As a Church, we’re a product of the English Reformation, with significant influence by the Continental reformers and your own forebears. Anglicanism grew out of the early Christian witness in Britain, from as early as the 2nd century, having come with Roman soldiers. Alban is recognized as the first martyr in Britain, and I will take you with me in prayer to the celebration of his feast at St. Alban’s Cathedral in England on Saturday. Christianity took root and indigenized, and when Augustine of Canterbury was sent to Britain with some other monks by Gregory the Great in the 6th century, he was reminded to bless the good he found there and work with the rest.

That’s probably a helpful frame for a gift Anglicans and Moravians share – a comfort with diversity and a willingness to look for the presence of God at work in a wide range of theological positions, liturgical practices, and contexts. We claim catholic, reformed, and liberal strands within Anglicanism, and at our best we believe that each has important gifts to offer the larger tradition. We prize unity over uniformity, even though working that out is frequently messy. Your own willingness to affirm the confessional documents of a range of Christian bodies, finding truth in each, is a constructive parallel.

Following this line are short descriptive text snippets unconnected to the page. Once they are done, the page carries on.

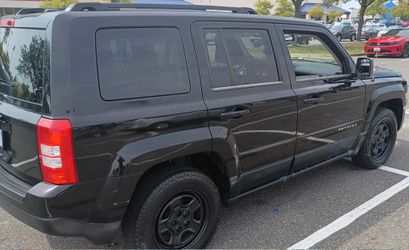 2012 Jeep Patriot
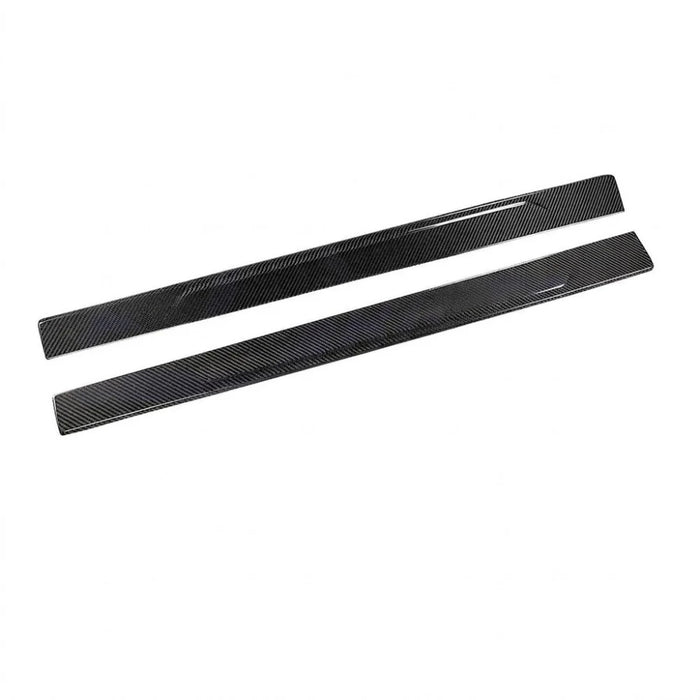2016-2024 Audi R8 Carbon Fiber Door Sill Trim I MK2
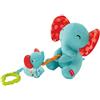 Fisher-Price CDN53 - Elefantino, 3 in 1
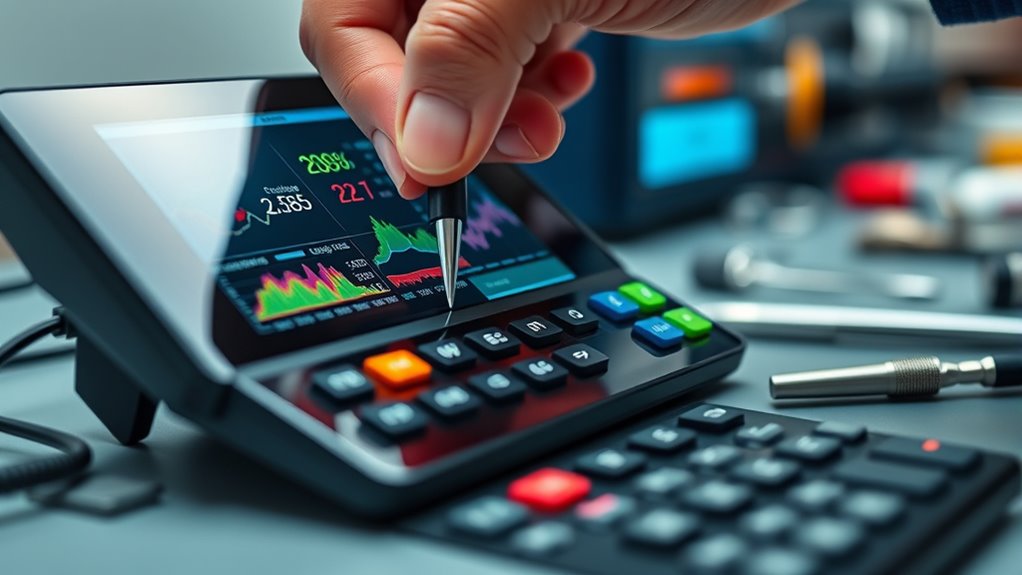 automated sensor calibration optimization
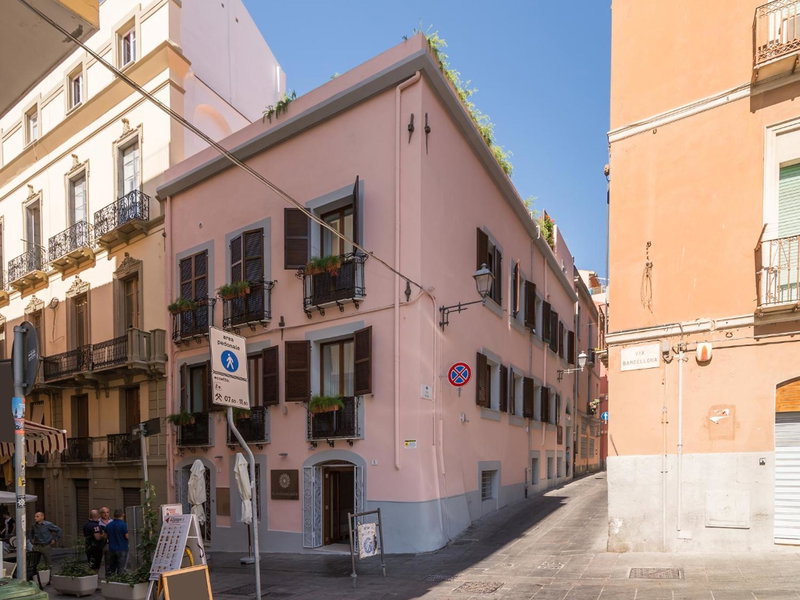 L'Ambasciata Hotel de Charme, Cagliari, Italy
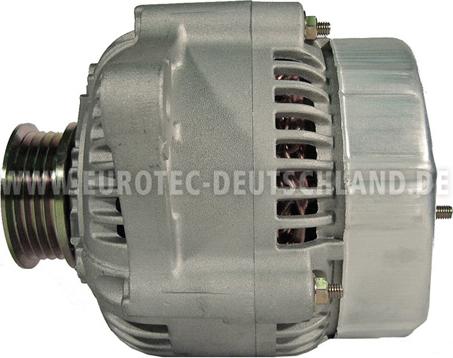 Eurotec 12060781 - Генератор www.autospares.lv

We take worship and the practice of holiness with deep seriousness as well as an eagerness to find beauty and truth in all we do. We are increasingly remembering that our part in God’s mission requires us to turn outward into God’s larger creation, human and otherwise, to seek and produce beauty and truth in incarnate social form – as justice and peace.

We also govern ourselves synodically, with lay persons, priests, deacons, and bishops working together to discern the movement of the Spirit as we make decisions on behalf of the whole Church.

We’ve been working for many years on fuller inclusion of all God’s people – beginning with Native Americans and slaves in the colonial years on this continent. We have never done this work quickly or easily, but it has been inexorable, as the Church has affirmed the full dignity and equality of people of color, women, children, and now gay and lesbian persons. We have struggled amid fear and trembling, but we have discovered God’s guiding spirit in the midst of it, and renewed life and joy when the hard decisions have been made. You are in our prayers as you wrestle here.

As we seek to grow into the one body of Christ, we are discovering new gifts and possibilities for God’s mission in all our communion partners. We give thanks for your partnership and your willingness to teach us about the truth you know, and we promise you the same. I ask your prayers for us.

May God continue to richly bless the Moravian Church, your ministry, and the work and world we share. We give thanks for you, and pray that together we can witness more fully to our friendship in Christ.